Portrait Professional 11

Jon Stapley tests the latest version of Portrait Professional photo-retouching software

FACIAL retouching is big business in portraiture, and aspiring portrait photographers will need to learn the basics and how to use the software to make it happen. Portrait Professional aims to provide both, with powerful skin-smoothing and facial-alteration technology combined with a preset and slider-focused approach that makes it easy even for the novice to get rid of blemishes, whiten teeth and even alter a subject’s facial structure.

HOW IT WORKS

Once you’ve input the gender and rough age of the subject, Portrait Pro detects the face and places markers denoting its dimensions. Once these are set, you enter the main editing screen. Groups of sliders control individual functions, such as fill-out lips, illuminate eyes or add colour to the cheeks. It’s all intuitive and very easily done.

The most work seems to have gone into the skin-smoothing functions. The user can control different types of skin imperfections — blemishes, wrinkles, pores — either with presets or specific sliders, and then fine-tune with the touch-up Brush tool. The presets are a little overzealous — a manual approach is better for subtler editing, and the user is able to precisely control how heavily blemishes are removed.

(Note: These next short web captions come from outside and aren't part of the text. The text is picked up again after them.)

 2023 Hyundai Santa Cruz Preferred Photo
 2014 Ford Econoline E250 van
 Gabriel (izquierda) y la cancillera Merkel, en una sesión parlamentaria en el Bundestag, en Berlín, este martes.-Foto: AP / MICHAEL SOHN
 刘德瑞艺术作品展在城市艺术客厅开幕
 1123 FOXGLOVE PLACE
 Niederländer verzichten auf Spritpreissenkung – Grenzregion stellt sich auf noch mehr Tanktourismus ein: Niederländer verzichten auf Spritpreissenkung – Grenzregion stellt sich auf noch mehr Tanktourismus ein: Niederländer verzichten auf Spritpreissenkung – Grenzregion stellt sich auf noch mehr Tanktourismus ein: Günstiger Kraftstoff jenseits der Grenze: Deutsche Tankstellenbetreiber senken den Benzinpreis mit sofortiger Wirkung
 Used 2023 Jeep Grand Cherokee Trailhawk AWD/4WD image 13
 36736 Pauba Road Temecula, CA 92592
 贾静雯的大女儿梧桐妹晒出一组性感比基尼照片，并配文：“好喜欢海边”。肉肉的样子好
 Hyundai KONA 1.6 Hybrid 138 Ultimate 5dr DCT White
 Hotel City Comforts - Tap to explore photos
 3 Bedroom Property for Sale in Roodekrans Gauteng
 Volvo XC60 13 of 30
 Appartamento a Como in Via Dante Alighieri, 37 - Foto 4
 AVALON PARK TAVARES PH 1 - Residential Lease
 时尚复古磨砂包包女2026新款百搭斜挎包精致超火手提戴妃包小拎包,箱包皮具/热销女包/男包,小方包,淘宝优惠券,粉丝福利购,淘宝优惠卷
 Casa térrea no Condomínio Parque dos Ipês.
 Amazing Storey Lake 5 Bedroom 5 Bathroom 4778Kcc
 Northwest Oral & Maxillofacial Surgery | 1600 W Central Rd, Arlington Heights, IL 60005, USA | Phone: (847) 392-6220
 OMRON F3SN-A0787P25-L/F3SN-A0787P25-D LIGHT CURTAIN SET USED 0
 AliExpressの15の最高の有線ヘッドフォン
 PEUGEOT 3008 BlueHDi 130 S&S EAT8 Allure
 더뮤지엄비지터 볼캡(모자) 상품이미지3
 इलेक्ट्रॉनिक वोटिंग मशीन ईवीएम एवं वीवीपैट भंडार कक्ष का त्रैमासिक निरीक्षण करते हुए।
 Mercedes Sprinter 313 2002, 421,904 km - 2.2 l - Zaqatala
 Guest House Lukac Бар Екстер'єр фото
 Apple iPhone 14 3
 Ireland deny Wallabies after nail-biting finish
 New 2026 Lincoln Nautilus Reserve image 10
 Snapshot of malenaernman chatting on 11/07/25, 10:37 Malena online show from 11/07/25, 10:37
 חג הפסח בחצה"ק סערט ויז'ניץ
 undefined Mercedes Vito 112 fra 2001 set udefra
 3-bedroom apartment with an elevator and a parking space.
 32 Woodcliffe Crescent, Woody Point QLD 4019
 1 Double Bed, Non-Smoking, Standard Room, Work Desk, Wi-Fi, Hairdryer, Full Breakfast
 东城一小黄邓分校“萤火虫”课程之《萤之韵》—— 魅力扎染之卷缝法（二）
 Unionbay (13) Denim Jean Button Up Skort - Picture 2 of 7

It is quite alarming how easily and dramatically one can resculpt a face with Portrait Professional. I experimented with thinning the face of my subject, reshaping the nose and altering the angle of the mouth, and found all of it easy to accomplish. If you so desire, you can practically transform your subject into a different person.

IMPRESSIONS

The face detection is decent, but not perfect. In one of my images the markers completely missed the model’s eyebrows, and the teeth and lip detection went rather awry. However, this is easy to rectify by dragging the markers to the correct points. I’d advise testing the face detection by moving some sliders to their maximum settings — the exaggerated effects will allow you to see whether the software has correctly set the feature boundaries.

The hair controls allow you to smooth and/or recolour the subject’s hair. The detection here isn’t quite so sharp — an image in which the subject’s hair was a similar colour to the background resulted in the entire street being coated in vivid red.

The software also features sliders to control exposure and white balance in the overall image. However, they work in a corrective capacity based off the skin tone, so if the software deems the skin to have been exposed and coloured correctly, they have absolutely no effect. For these kinds of adjustments, I’d recommend sticking with your imaging-editing software.